PG 聊聊 transaction wraparound

原创大表哥 2023-02-13

1605

大家好，最近和单位同事聊了聊 PG的MVCC 机制，顺便记录了下来一些内容主要围绕PG事务ID的 transaction wraparound 问题。

熟悉PG的朋友们都知道 PG 的MVCC 的实现与 MYSQL, ORACLE的undo 机制不同， PG在数据页上直接插入数据，类似于 insert append 直接追加数据，当数据读取的时候（这里说的隔离级别为read-committed), 通过当前连接的session 的 txid 与数据页中的 t_xmin,t_xmax 来判断比对从而得出可见的数据。

我们这里暂时不讨论具体的数据可见性的比对规则。我们要聊的是 PG全局的事务ID ：txid

这个值可以通过函数 txid_current() 得到

postgres@[local:/tmp]:1992=#45175 SELECT txid_current();
txid_current
--------------
     5303884
(1 row)

复制

TXID 这个数值当初设计的时候是一个无符号的 INT 32 位的数字，大约的数值范围在42亿左右。这个数值的范围很容易用满，所以在PG采用 cycle 的循环利用的方式来重置 TXID.
由于transaction id 是正整数，所以只有无符号32位整型数字的一半，大致20亿左右。

举个例子，我们借用JP 业界知名大神的著作中的一张图来描述一下 transaction wraparound 问题。

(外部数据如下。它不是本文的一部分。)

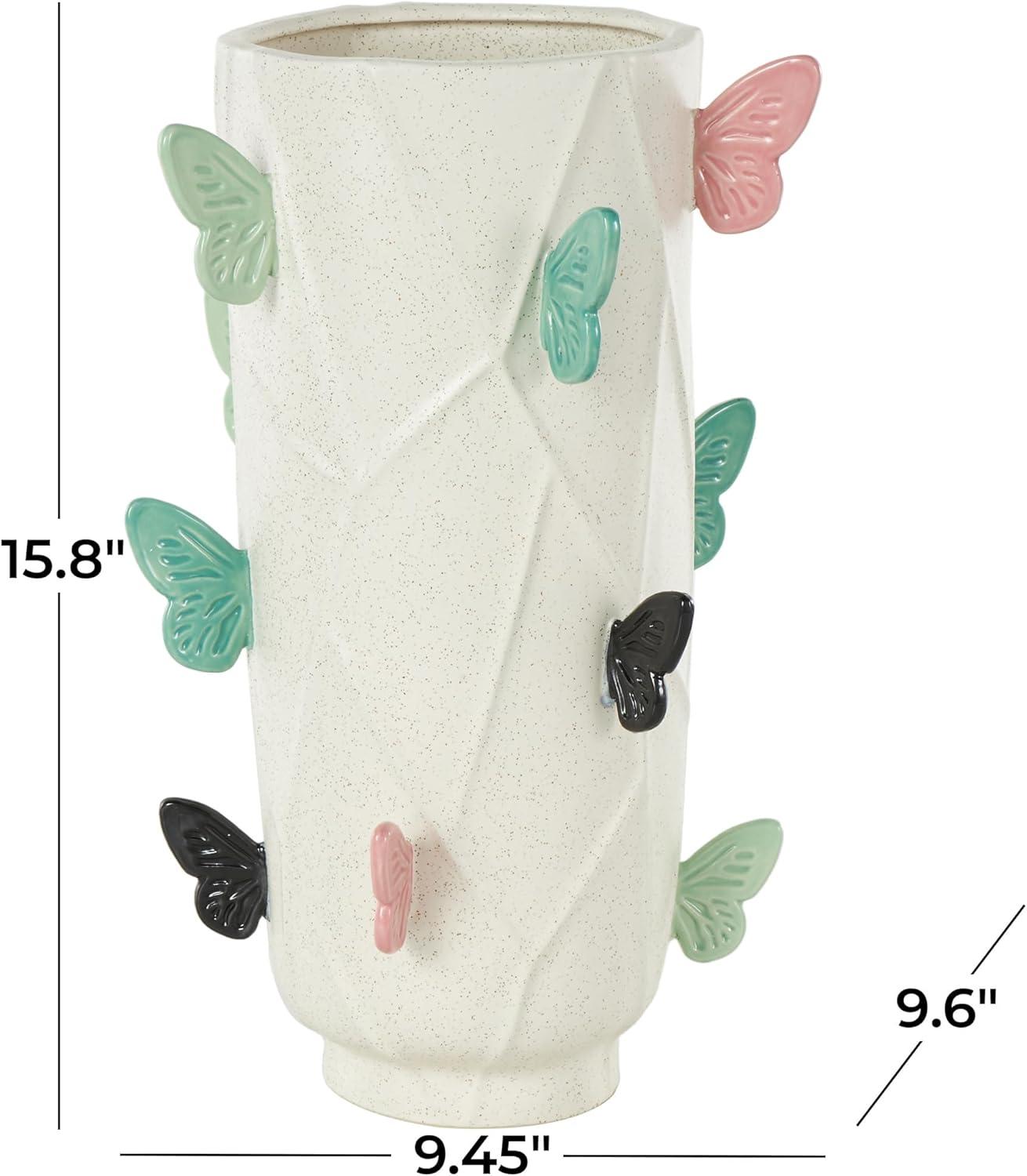 image:imageDeco 79 Ceramic Butterfly Decorative Vase Wide Centerpiece Vase with Multicolor Accents Flower Vase for Home Decoration 9 x 10 x 16 WhiteWhite
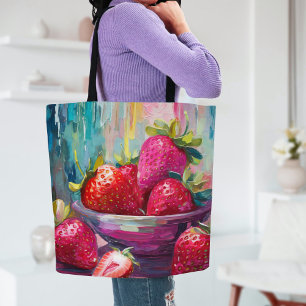Strawberries Colourful Modern Abstract Painting Tote Bag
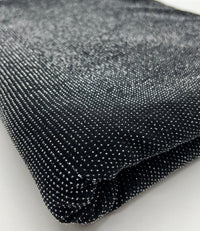 Silver Thread Detail Black Lurex Sparkle Metallic Stretch Knit Fabric - T9 Fabrics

有1个表 t1 写入一条记录 tuple1 的时候是 txid = 100 , PG数据库没有自动或者手动的 vacumm freeze, 或者是这条insert 语句的一直没有提交，
这个系统如果很忙， TPS > 500K/s ，我们假设能达到每秒5W笔的事务，消耗20亿transaction id 的容量范围的话, 大致需要 11 个小时（2000000000/50000/3600=11+ hours）
这个时候再次像表t1 中插入一条新的数据 tuple2 ，这个时候假设 transaction ID 会重置成 20，那么就会出现过去的元祖 tuple1 的 txid = 100 大于现在或者未来的元祖 tuple2 的 txid = 20的现象，从而造成了多版本MVCC的可见性的混乱的问题。

为了避免这个 transaction wraparound的问题：
PG 采用 freeze 过时的 txid 的方式来实现，这个会发生在执行命令 vacuum 的时候.会自动根据参数设置来判断是否只能 txid freeze 的操作。如果长时间存在未提交的transacction, 或者存在废弃的replicate slot，那么将不会触发 freeze . 这个数据库会进入到 read-only 的模式下面

FREEZE 的大致是分为2个版本（图依然来自JP的业界大神）

1.版本9.3之前的版本是直接更新元祖 head 中的隐藏列的值 t_xmin , 更新为 2。这样设置t_xmin =2 对于所有的transaction 来说都是可见的。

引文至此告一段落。